Spreading the Word about Michigan’s Elk
By Doug Doherty, Michigan Regional Director
Did you know that the majority of Michigan’s residents do not know the state has an elk herd or where it is located? Recently the RMEF, Michigan Department of Natural Resources (DNR) and a group of high school students decided to do something about it.
On July 13, RMEF volunteers from the Thunder Bay and Saginaw Valley chapters joined with DNR personnel to install information kiosks at three elk viewing areas on the Pigeon River State Forest. DNR hopes the kiosks—which were built over the winter by high school students attending the Wexford-Missaukee Career Technical Center—will increase elk awareness and promote and enhance elk viewing.
“It was great to come out to be part of a project that will help to educate the public about our elk herd,” says Thunder Bay Chapter member Dan Collard.
While there are no records of elk in the Upper Peninsula, Eastern elk once flourished throughout the rest of the state, but were extirpated by 1880. In 1915, 23 elk from Yellowstone National Park were released near the Sturgeon River. By 1975, only 200 elk remained. Conservation efforts revived the herd, which now stands at 800 to 1,000 animals.
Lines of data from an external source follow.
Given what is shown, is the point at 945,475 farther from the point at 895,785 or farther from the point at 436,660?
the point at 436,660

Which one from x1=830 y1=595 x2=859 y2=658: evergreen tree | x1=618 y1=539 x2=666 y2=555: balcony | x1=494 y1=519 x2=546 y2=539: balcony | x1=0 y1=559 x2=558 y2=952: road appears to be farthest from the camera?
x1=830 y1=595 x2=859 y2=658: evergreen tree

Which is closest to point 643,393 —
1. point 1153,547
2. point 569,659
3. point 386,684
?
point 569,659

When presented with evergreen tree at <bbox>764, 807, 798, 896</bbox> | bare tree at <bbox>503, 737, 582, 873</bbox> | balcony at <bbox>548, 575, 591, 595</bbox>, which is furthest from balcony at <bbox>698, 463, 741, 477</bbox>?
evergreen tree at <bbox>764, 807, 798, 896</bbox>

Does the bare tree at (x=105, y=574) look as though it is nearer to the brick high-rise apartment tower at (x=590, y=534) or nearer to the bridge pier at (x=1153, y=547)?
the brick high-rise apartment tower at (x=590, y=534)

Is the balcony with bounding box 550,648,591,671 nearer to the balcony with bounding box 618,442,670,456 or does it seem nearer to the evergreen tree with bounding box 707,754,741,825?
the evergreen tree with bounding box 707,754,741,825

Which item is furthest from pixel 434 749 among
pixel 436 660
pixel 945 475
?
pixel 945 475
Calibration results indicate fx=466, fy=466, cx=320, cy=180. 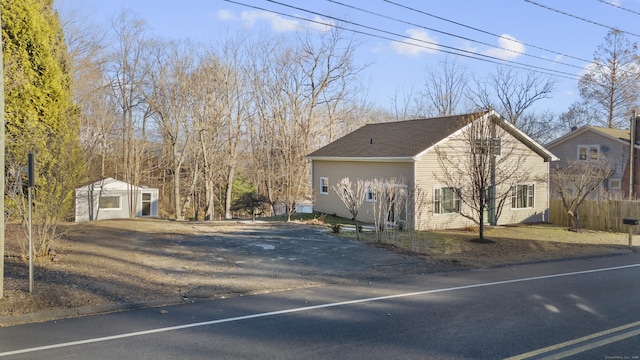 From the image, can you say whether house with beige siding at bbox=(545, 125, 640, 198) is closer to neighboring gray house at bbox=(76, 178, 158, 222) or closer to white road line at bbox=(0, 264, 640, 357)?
white road line at bbox=(0, 264, 640, 357)

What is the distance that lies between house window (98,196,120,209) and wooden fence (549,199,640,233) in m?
25.5

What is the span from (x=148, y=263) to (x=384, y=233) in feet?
25.7

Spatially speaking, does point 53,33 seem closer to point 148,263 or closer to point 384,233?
point 148,263

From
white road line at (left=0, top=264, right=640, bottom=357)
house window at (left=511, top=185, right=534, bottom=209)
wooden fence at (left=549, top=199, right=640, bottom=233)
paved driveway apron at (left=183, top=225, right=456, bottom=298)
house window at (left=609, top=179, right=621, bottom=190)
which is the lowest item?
white road line at (left=0, top=264, right=640, bottom=357)

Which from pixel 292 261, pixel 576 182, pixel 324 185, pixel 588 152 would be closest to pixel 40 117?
pixel 292 261

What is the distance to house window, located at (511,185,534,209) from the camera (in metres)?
23.6

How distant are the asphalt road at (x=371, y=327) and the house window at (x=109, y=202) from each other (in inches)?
888

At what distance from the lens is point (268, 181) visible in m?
39.1

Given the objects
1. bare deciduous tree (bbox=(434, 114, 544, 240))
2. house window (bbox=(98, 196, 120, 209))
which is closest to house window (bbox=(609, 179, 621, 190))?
bare deciduous tree (bbox=(434, 114, 544, 240))

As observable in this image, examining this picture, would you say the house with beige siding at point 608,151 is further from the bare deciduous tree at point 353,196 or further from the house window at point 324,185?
the bare deciduous tree at point 353,196

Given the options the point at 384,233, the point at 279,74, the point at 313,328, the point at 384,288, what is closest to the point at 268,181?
the point at 279,74

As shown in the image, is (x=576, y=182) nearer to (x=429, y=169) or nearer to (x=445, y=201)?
(x=445, y=201)

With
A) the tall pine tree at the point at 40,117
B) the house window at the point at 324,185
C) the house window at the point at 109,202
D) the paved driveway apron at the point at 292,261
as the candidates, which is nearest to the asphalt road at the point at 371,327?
the paved driveway apron at the point at 292,261

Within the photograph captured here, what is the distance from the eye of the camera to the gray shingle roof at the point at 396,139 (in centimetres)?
2094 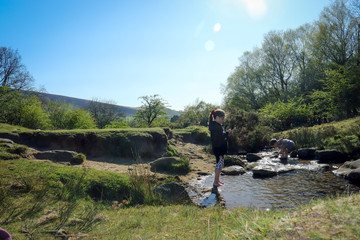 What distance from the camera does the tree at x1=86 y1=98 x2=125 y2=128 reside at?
105 feet

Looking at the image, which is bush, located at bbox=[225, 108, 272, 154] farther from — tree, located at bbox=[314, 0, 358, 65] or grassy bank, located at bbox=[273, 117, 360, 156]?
tree, located at bbox=[314, 0, 358, 65]

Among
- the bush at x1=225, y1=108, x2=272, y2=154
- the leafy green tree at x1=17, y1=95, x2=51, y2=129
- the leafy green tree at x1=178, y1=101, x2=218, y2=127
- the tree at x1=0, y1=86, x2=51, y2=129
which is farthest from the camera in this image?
the leafy green tree at x1=178, y1=101, x2=218, y2=127

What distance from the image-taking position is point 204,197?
20.5 ft

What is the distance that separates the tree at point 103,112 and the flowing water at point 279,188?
88.2ft

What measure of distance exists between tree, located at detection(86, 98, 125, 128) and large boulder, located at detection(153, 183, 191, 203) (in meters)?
28.1

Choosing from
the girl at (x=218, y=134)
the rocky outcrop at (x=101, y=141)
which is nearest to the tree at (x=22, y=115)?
the rocky outcrop at (x=101, y=141)

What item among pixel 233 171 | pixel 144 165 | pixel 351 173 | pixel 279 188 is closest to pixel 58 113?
pixel 144 165

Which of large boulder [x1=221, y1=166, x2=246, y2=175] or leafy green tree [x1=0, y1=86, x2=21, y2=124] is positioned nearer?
large boulder [x1=221, y1=166, x2=246, y2=175]

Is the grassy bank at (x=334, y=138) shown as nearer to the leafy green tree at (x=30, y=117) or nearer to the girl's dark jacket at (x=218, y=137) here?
the girl's dark jacket at (x=218, y=137)

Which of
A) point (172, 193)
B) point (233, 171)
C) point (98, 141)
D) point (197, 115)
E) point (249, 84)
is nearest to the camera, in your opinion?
point (172, 193)

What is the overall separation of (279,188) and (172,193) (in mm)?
3652

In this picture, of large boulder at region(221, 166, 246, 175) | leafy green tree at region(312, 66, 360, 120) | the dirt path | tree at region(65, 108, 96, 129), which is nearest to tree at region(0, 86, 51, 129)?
tree at region(65, 108, 96, 129)

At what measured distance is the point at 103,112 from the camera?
33.9 meters

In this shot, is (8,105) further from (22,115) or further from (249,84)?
(249,84) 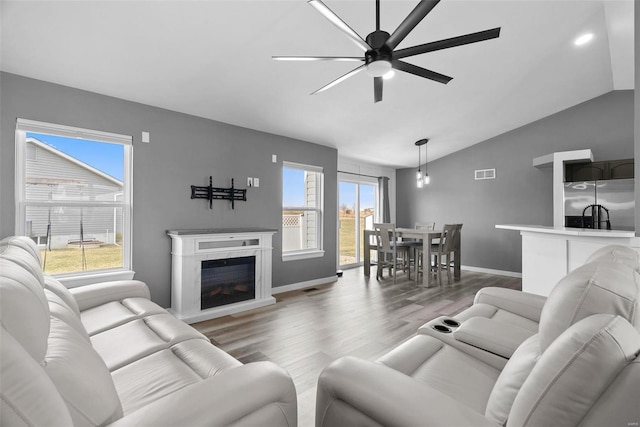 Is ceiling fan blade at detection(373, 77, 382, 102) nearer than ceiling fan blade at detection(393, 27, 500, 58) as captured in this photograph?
No

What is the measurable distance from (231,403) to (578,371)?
926mm

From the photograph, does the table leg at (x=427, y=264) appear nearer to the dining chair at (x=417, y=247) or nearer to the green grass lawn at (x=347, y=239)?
the dining chair at (x=417, y=247)

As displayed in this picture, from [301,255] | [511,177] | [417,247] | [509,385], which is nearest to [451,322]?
[509,385]

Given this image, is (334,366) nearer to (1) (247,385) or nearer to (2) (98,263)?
(1) (247,385)

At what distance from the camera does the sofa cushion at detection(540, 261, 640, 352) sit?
908 millimetres

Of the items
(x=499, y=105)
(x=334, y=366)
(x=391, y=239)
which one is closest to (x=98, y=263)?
(x=334, y=366)

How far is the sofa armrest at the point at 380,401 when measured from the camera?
844 millimetres

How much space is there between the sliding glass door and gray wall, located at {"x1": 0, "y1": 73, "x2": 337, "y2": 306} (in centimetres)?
191

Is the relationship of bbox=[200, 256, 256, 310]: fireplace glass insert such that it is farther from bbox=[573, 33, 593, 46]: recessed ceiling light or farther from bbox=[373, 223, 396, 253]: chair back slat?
bbox=[573, 33, 593, 46]: recessed ceiling light

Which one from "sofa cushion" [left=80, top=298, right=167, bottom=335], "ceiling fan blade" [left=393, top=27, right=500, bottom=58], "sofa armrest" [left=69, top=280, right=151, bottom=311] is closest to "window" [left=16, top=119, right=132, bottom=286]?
"sofa armrest" [left=69, top=280, right=151, bottom=311]

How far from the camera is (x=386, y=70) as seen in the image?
2.17 m

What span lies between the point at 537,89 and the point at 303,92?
3648mm

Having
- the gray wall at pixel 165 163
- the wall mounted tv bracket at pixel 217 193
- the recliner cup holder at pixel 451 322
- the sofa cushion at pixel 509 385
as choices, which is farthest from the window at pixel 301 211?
the sofa cushion at pixel 509 385

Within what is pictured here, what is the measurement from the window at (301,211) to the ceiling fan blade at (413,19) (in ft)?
10.3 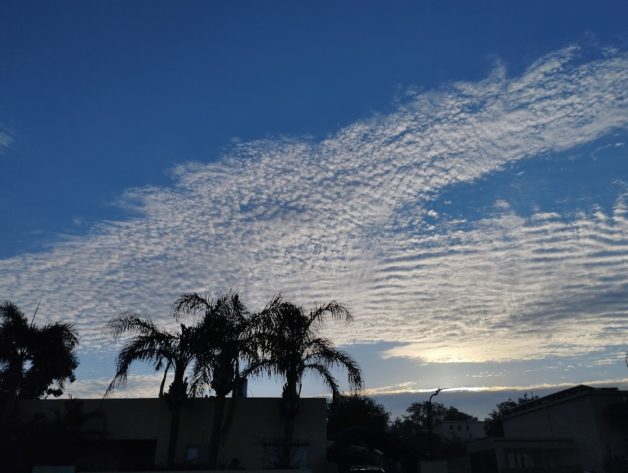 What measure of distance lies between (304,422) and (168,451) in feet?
18.4

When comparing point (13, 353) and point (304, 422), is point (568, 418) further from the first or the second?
point (13, 353)

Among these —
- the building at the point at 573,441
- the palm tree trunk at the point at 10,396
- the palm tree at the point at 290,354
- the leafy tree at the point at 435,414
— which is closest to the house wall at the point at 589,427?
the building at the point at 573,441

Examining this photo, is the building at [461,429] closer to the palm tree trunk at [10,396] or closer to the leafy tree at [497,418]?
the leafy tree at [497,418]

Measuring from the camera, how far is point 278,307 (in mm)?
21578

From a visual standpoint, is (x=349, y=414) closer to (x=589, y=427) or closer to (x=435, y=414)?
(x=589, y=427)

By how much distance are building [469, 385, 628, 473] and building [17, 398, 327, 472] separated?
1289 centimetres

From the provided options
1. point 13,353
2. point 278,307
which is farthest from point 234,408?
point 13,353

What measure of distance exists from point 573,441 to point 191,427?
69.4 ft

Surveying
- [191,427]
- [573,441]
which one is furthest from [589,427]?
[191,427]

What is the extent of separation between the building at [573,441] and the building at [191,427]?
1289 cm

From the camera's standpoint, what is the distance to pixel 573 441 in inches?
1149

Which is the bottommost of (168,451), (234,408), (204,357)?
(168,451)

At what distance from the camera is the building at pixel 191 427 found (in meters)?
21.6

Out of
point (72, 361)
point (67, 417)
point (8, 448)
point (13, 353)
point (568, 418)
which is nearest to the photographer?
point (8, 448) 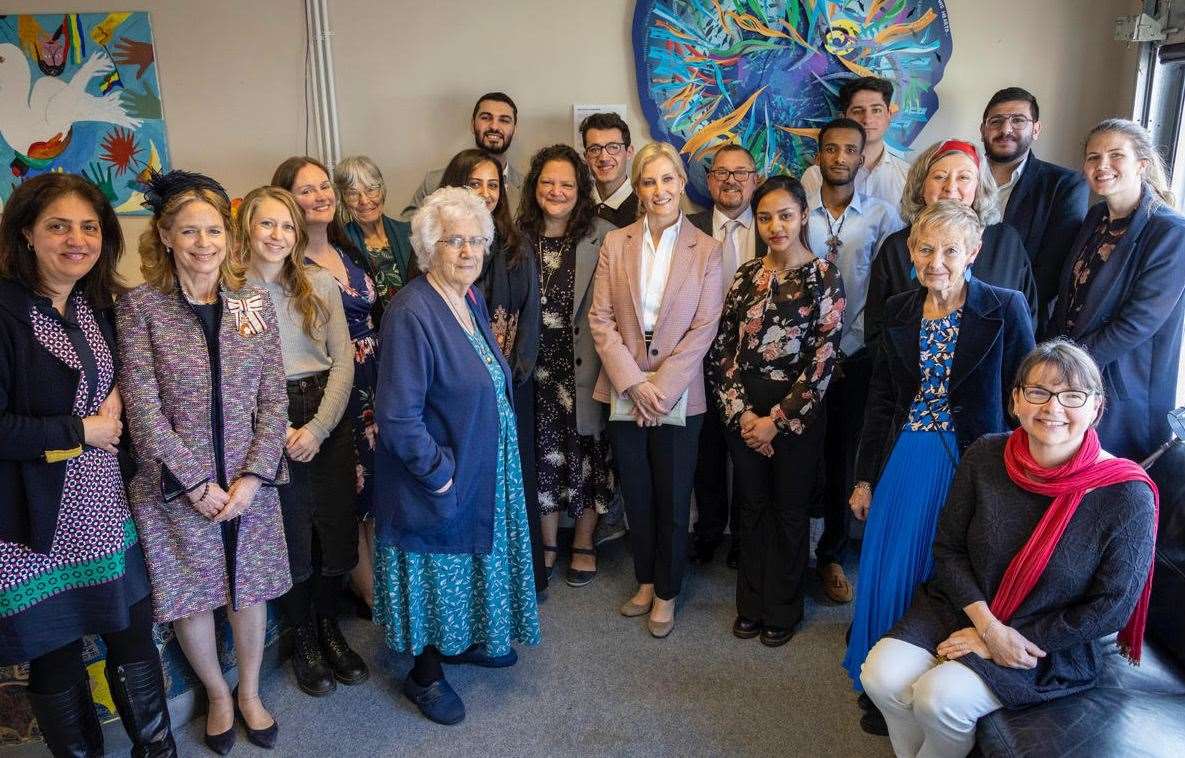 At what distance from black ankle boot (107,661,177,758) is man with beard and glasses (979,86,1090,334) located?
300 centimetres

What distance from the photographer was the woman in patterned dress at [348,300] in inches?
101

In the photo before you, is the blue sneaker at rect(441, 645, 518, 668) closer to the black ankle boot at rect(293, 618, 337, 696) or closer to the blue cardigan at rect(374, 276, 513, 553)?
the black ankle boot at rect(293, 618, 337, 696)

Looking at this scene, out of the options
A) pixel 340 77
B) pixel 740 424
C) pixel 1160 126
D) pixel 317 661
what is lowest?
pixel 317 661

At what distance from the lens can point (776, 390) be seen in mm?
2582

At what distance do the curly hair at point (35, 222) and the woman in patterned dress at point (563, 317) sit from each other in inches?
49.2

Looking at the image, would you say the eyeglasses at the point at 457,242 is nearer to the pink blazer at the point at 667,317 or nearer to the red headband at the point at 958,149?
the pink blazer at the point at 667,317

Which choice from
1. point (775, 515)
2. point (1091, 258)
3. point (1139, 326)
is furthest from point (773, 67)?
point (775, 515)

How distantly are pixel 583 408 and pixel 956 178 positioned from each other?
1440 millimetres

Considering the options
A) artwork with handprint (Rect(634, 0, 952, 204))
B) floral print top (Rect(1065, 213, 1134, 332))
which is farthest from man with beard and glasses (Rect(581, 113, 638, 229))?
floral print top (Rect(1065, 213, 1134, 332))

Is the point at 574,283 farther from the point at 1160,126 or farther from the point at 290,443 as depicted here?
the point at 1160,126

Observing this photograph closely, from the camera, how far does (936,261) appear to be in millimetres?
2043

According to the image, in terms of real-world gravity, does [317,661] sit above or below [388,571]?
below

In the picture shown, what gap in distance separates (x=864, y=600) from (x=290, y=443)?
1.68m

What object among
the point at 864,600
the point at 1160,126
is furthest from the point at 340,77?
the point at 1160,126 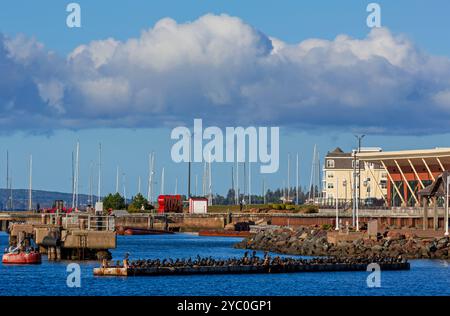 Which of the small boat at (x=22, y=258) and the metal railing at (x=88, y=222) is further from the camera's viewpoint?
the metal railing at (x=88, y=222)

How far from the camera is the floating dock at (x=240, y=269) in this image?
90.4 m

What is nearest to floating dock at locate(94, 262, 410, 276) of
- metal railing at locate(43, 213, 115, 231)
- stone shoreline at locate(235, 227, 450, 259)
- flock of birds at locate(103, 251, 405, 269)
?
flock of birds at locate(103, 251, 405, 269)

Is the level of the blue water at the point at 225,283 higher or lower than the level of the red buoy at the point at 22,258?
lower

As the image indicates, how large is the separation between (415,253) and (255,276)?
32.0 meters

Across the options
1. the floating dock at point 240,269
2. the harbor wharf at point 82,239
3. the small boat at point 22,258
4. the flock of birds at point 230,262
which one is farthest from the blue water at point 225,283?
the harbor wharf at point 82,239

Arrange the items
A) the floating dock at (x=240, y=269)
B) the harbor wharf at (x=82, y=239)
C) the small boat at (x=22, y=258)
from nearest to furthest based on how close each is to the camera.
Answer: the floating dock at (x=240, y=269), the small boat at (x=22, y=258), the harbor wharf at (x=82, y=239)

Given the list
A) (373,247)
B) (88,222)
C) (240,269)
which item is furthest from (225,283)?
(373,247)

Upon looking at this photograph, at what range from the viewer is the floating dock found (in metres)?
90.4

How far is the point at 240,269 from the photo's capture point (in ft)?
313

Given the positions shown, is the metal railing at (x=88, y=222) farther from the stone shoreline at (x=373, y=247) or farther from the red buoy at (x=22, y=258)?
the stone shoreline at (x=373, y=247)

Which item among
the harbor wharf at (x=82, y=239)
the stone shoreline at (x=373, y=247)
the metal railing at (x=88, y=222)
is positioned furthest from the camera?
the stone shoreline at (x=373, y=247)

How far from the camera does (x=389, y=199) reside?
199 meters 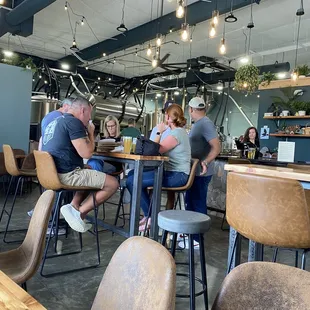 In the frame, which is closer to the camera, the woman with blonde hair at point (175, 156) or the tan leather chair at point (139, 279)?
the tan leather chair at point (139, 279)

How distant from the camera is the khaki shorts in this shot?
280cm

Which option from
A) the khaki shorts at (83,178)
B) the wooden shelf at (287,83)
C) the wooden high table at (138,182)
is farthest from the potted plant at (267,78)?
the khaki shorts at (83,178)

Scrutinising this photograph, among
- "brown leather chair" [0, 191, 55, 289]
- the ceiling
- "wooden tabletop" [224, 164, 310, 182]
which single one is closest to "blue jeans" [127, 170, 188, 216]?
"wooden tabletop" [224, 164, 310, 182]

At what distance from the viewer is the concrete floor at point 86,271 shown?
7.25 ft

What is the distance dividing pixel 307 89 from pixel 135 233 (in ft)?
20.2

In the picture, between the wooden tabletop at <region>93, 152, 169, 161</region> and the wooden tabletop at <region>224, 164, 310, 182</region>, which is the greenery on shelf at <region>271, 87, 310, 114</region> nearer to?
the wooden tabletop at <region>93, 152, 169, 161</region>

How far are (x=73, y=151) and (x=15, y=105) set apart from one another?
4.20 metres

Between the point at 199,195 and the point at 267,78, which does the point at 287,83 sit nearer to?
the point at 267,78

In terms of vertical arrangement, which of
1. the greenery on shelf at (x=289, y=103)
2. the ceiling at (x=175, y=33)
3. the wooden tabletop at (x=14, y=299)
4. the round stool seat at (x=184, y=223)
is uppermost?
the ceiling at (x=175, y=33)

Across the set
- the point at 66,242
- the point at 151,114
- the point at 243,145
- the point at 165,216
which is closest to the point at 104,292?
the point at 165,216

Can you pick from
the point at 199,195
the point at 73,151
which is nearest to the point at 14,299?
the point at 73,151

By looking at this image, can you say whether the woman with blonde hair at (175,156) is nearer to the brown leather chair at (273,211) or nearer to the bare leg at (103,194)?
the bare leg at (103,194)

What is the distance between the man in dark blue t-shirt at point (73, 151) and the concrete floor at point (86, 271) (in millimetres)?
372

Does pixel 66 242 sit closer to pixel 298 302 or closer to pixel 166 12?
pixel 298 302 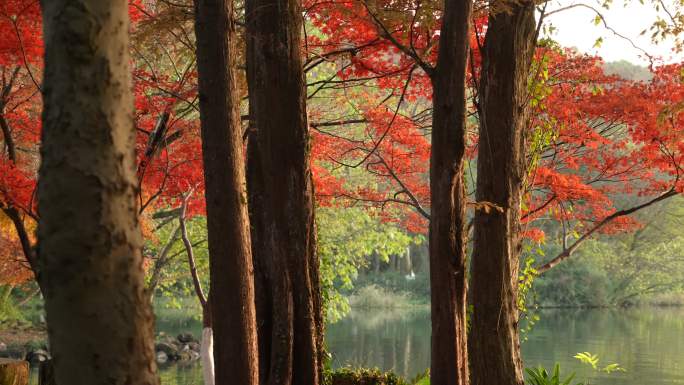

The DNR holds two resident-only elk hunts annually, with the lucky hunters drawn through a lotto system, which helps maintain the elk population’s growth and health.
Since 1990, RMEF has teamed up with the DNR and other partners on more than 30 conservation, management and research projects in Michigan’s elk country, protecting and enhancing more than 3,200 acres. State grant funds have also helped fund hunting heritage and conservation outreach projects, including brochures that offer information about the elk and where to locate and view them during different seasons.
Saginaw Valley Chapter member Scott Wheeldon says, “The work weekend was a great opportunity for the public and private sector to work together to promote conservation and increase public awareness of the Michigan elk herd.”
This project was proof that good things happen when people work together. Having the students involved was an added bonus. They can be proud of a job well done, knowing that they’ve done their part for conservation in helping to promote Michigan’s elk herd.